Almost every form of publishing has been organized as if the medium was what they were selling, and the content was irrelevant. Book publishers, for example, set prices based on the cost of producing and distributing books. They treat the words printed in the book the same way a textile manufacturer treats the patterns printed on its fabrics.
If audiences were willing to pay more for better content, why wasn't anyone already selling it to them? There was no reason you couldn't have done that in the era of physical media.
Keith then points to this article here which summarizes to:
1. Redefine the market based on the benefits
2. Break the benefits down into scarce and infinite components.

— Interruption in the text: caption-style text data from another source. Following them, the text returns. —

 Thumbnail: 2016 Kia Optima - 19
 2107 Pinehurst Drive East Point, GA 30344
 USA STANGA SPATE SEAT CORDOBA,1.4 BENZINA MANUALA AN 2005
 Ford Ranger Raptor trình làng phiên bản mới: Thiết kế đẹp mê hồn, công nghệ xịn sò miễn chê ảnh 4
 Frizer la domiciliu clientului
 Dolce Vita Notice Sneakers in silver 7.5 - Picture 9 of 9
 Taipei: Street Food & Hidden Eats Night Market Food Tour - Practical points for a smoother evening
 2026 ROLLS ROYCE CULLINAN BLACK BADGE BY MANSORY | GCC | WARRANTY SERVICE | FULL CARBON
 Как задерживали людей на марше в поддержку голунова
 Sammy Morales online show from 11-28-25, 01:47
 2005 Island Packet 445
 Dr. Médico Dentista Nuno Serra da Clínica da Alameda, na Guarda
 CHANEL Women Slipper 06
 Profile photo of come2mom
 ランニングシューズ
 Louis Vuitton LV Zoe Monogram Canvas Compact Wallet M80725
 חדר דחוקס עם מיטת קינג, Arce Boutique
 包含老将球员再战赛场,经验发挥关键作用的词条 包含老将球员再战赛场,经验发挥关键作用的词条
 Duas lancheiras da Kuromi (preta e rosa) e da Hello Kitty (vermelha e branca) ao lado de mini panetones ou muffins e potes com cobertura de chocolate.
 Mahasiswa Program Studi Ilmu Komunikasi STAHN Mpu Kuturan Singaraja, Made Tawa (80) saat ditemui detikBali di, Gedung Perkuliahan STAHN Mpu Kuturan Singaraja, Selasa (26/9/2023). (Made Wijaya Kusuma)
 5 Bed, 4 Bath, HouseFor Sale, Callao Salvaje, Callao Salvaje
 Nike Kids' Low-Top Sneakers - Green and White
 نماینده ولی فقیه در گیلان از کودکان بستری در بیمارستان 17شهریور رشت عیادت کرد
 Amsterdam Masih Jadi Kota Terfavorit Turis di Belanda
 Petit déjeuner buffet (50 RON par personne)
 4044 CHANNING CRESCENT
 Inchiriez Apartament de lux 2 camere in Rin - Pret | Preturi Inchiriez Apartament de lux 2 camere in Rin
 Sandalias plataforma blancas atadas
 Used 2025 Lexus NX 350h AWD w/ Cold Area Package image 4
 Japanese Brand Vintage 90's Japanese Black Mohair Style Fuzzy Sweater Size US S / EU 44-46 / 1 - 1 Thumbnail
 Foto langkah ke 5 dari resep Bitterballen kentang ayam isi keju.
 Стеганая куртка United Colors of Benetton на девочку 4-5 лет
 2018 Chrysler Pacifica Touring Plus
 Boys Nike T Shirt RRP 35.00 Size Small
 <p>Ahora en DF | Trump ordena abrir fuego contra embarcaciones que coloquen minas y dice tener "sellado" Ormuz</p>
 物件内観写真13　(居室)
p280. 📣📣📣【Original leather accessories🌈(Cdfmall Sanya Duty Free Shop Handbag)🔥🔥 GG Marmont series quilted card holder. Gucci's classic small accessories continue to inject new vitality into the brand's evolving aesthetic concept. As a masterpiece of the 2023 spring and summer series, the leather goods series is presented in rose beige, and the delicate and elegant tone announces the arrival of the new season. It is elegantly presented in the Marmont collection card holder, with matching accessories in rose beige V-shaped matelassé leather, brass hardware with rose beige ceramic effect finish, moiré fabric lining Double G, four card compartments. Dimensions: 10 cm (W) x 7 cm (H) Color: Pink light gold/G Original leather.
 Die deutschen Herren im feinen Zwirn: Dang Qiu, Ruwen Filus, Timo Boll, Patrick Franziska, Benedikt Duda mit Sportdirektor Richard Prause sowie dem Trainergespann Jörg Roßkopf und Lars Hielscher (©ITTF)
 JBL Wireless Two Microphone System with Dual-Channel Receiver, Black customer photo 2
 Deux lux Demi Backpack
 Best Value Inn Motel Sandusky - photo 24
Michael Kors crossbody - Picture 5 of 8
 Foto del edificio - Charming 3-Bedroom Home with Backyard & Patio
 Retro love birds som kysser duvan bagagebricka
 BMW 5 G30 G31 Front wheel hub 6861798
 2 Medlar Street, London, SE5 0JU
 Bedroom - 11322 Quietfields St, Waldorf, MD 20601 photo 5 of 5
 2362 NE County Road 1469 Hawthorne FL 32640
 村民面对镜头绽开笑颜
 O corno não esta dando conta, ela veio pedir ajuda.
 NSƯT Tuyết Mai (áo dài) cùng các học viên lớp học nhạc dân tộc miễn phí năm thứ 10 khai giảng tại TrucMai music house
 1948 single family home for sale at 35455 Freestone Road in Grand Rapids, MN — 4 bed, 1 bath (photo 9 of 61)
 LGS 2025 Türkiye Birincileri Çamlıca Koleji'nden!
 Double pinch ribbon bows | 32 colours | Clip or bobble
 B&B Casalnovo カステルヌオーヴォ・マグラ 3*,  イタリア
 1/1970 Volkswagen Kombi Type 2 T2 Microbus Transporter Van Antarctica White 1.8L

3. Set the infinite components free, syndicate them, make them easy to get -- all to increase the value of the scarce components
4. Charge for the scarce components that are tied to infinite components
and his example is a music band, give their music away, to build their popularity, so they can charge more for concert tickets and commissioned songs because they are so popular.
All interesting ideas and possibilities. Whether their framework (schema) is true remains to be seen, but one thing is sure, holding onto the old ways isn't gonna work forever. The obvious question to me is how do you create your scarcity product that is actually strong enough. In other words what if you are only a mediocre rock band, you have a medium amount of fans, but you're not big enough to ever sell expensive tickets, because you not big enough to have enough fans in one area of the planet. It's such a long way to get to the point where you find out if you will or will not get paid.
Definitely some things worth thinking about.